The fourth step: according to

Level of significance achieved for F distributions with set and degrees of freedom 3 and 76_testAnd confidence c_testAnd (4) calculating. As can be seen from FIG. 5, as the proportion of blended diesel increases, the confidence of the test set samples decreases overall. When the proportion of the doped diesel oil is 5-15%, the confidence coefficient is reduced at the fastest speed; when the diesel oil blending ratio is 15-25%, the confidence coefficient descending speed gradually slows down; when the diesel oil blending ratio is 25% -50%, the confidence coefficient is close to 0, and no obvious change exists.

According to 3 implementation cases, along with the increase of the proportion of diesel oil mixed in gasoline, the confidence coefficient of a detection sample integrally falls, which shows the effectiveness of judging whether the near-infrared detection result is abnormal or not by adopting data distribution in the method. The confidence coefficient can be compared with the judgment standard of an enterprise through the sample significance level and the confidence coefficient estimation provided by the Mahalanobis distance and the F distribution; if the confidence coefficient is not less than the judgment standard, the near infrared detection result of the sample is considered to be normal, and if the confidence coefficient is less than the judgment standard, the sample is considered to be suspicious, and the quality index needs to be further determined.
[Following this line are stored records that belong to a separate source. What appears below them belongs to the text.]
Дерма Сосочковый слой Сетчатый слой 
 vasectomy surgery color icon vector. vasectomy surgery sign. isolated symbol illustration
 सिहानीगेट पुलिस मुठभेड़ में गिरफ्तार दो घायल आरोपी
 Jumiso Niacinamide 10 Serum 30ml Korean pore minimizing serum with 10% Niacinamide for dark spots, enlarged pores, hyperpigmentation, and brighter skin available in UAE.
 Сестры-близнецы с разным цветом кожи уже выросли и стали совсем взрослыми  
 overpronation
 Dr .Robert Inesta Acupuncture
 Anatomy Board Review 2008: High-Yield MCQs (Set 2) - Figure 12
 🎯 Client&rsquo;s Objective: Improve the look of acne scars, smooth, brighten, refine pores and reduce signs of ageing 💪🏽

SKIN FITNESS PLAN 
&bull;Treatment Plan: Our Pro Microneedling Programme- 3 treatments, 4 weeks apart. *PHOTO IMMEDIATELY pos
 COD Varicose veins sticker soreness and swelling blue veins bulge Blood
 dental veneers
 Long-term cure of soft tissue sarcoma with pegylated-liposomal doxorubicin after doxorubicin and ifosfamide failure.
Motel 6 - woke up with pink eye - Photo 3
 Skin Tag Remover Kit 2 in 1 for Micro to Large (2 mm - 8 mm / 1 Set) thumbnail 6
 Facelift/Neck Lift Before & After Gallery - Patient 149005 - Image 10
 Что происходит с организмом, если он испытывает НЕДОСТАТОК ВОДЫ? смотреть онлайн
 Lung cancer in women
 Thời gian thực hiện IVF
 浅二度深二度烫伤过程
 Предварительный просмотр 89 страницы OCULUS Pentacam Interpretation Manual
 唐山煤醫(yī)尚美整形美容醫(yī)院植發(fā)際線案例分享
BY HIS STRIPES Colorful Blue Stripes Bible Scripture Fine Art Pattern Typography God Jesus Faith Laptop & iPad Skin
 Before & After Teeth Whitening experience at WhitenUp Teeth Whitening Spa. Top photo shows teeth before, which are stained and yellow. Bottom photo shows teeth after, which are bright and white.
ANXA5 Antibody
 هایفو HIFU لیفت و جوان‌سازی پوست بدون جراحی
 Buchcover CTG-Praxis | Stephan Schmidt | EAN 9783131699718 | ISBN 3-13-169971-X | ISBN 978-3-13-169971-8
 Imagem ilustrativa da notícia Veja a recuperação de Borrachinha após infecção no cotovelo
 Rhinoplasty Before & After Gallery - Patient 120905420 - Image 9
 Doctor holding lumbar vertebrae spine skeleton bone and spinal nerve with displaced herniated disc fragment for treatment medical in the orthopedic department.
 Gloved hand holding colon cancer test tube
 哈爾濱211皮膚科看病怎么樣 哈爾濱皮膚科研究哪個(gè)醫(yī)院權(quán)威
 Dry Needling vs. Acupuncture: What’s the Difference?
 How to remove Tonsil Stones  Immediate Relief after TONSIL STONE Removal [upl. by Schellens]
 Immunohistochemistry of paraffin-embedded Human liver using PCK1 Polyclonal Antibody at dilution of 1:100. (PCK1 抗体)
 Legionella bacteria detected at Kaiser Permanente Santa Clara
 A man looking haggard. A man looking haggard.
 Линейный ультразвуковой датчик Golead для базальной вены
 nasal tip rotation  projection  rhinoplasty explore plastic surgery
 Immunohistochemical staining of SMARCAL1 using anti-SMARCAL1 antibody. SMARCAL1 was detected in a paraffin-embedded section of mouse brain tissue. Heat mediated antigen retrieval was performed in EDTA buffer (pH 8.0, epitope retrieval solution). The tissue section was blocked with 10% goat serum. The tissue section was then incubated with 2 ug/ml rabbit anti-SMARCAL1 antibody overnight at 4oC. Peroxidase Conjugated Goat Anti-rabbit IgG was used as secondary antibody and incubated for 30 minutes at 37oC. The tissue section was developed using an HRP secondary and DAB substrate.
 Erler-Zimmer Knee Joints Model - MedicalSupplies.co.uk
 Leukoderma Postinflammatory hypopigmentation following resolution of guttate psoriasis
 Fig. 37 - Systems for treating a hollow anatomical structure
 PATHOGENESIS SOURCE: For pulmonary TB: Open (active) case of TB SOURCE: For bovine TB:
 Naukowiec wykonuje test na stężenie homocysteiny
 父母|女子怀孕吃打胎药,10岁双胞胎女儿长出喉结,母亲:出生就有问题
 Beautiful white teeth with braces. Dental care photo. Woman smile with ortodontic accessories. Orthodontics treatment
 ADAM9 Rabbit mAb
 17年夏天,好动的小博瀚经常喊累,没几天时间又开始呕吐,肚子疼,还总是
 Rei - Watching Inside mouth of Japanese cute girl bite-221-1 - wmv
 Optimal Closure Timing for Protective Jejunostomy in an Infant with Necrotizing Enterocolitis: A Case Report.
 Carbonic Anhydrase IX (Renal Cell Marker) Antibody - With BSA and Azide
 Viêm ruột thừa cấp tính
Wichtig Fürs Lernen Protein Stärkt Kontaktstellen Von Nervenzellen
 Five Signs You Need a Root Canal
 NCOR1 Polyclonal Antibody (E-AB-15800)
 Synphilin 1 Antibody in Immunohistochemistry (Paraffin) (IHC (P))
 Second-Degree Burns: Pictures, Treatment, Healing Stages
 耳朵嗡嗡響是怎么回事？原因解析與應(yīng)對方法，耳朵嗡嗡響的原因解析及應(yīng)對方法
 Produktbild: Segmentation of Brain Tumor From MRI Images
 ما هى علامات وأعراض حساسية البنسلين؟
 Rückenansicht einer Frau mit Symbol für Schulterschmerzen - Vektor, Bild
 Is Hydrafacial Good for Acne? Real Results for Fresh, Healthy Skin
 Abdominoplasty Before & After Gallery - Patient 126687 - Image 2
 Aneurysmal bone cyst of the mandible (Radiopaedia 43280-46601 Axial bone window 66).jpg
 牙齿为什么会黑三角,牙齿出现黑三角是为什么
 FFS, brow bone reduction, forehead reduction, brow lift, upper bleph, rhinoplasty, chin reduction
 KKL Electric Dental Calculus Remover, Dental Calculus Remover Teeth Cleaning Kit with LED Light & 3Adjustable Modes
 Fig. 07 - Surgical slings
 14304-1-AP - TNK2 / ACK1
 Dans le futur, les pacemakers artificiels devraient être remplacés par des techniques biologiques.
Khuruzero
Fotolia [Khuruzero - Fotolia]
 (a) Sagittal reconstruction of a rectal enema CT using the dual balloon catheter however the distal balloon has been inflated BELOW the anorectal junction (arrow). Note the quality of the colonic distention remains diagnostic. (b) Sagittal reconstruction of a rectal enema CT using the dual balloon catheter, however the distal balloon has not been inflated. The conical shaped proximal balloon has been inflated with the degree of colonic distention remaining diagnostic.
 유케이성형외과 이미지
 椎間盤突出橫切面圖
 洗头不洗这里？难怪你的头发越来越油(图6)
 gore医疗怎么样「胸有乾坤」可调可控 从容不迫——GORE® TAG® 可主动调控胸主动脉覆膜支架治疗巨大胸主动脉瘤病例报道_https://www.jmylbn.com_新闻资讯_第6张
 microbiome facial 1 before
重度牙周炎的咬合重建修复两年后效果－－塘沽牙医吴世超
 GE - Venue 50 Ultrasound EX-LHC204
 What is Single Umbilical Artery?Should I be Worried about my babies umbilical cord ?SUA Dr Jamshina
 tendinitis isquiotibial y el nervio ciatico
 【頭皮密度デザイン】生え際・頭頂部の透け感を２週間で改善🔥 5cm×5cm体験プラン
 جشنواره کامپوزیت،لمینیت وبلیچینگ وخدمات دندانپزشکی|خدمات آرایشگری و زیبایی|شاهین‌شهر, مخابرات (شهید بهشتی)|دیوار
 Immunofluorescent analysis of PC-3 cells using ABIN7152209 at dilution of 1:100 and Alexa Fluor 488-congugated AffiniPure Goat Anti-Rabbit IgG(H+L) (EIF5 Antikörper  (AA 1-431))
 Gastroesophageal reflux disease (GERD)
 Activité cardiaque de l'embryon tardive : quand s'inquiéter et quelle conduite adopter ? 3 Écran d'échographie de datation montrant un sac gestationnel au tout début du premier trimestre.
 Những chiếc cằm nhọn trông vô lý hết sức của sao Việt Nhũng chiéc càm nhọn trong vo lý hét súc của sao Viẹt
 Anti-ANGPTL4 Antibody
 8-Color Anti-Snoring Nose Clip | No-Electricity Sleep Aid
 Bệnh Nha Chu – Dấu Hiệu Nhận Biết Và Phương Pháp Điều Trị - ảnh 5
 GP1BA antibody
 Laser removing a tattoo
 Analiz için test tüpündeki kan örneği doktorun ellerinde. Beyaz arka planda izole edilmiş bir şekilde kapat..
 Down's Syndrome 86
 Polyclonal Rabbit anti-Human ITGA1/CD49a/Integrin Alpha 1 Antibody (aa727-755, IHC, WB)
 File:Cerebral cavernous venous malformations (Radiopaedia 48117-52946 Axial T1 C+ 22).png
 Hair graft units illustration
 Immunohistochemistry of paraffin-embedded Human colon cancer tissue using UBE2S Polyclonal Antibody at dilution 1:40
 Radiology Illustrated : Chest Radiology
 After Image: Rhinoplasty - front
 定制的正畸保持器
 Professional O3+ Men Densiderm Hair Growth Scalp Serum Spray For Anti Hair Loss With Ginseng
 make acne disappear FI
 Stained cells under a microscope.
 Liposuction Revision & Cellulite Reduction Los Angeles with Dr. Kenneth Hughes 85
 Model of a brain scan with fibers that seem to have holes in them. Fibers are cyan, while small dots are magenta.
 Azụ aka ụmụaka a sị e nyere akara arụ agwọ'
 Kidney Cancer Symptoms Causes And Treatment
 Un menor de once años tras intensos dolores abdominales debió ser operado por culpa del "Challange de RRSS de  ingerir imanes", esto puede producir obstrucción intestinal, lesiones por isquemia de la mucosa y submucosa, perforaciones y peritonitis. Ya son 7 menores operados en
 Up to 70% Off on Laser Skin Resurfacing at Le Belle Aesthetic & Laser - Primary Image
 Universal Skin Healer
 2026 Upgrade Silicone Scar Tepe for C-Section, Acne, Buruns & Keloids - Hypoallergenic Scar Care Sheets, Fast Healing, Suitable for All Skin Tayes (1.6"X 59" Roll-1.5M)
Therefore, the method effectively guarantees the reliability of the near infrared spectrum detection result.

The above embodiments are provided only for illustrating the present invention and not for limiting the present invention, and those skilled in the art should make various changes or modifications without departing from the spirit and scope of the present invention.

The foregoing shows and describes the general principles, essential features, and advantages of the invention. It will be understood by those skilled in the art that the present invention is not limited to the embodiments described above, which are described in the foregoing description only for the purpose of illustrating the principles of the present invention, but that various changes and modifications may be made therein without departing from the spirit and scope of the invention as defined by the appended claims, specification and equivalents thereof.

Claims

1. A confidence degree estimation method for a vehicle fuel near infrared spectrum detection result is characterized by comprising the following steps:

s2, adopting PCA-MD T²Detecting and removing abnormal samples in the correction set spectral data X to ensure that the correction set spectral data X are all normal samples;

S4, according to

2. The method for estimating the confidence of the detection result of the near infrared spectrum of the vehicle fuel according to claim 1, wherein the step S2 includes:

S23：T²the control limit is expressed as:

wherein, alpha is a significance level, and the confidence coefficient of the control limit is 1-alpha; if it isIf the value is less than the control limit, judging the sample to be a normal sample; if it is

If the value is larger than the control limit, the abnormal sample is judged.

3. The method for estimating the confidence of the detection result of the near infrared spectrum of the vehicle fuel according to claim 2, wherein the step S3 includes:

T_test＝X_testP (4)

Expressed as:

4. The method for estimating the confidence of the detection result of the near infrared spectrum of the vehicle fuel according to claim 3, wherein the step S4 includes:

s41: significance level α is achieved based on F distribution with degrees of freedom p and n-p_testFor the ith test set sample, the significance level α_test-iObtained according to the following formula:

s42: confidence level c for the ith test set sample_test-iCan be expressed as:

c_test-i＝1-α_test-i(7)。

5. the confidence estimation method for the detection result of the near infrared spectrum of the vehicle fuel according to any one of claims 2 to 4, characterized in that the significance level α is set to be 0.01 or 0.05.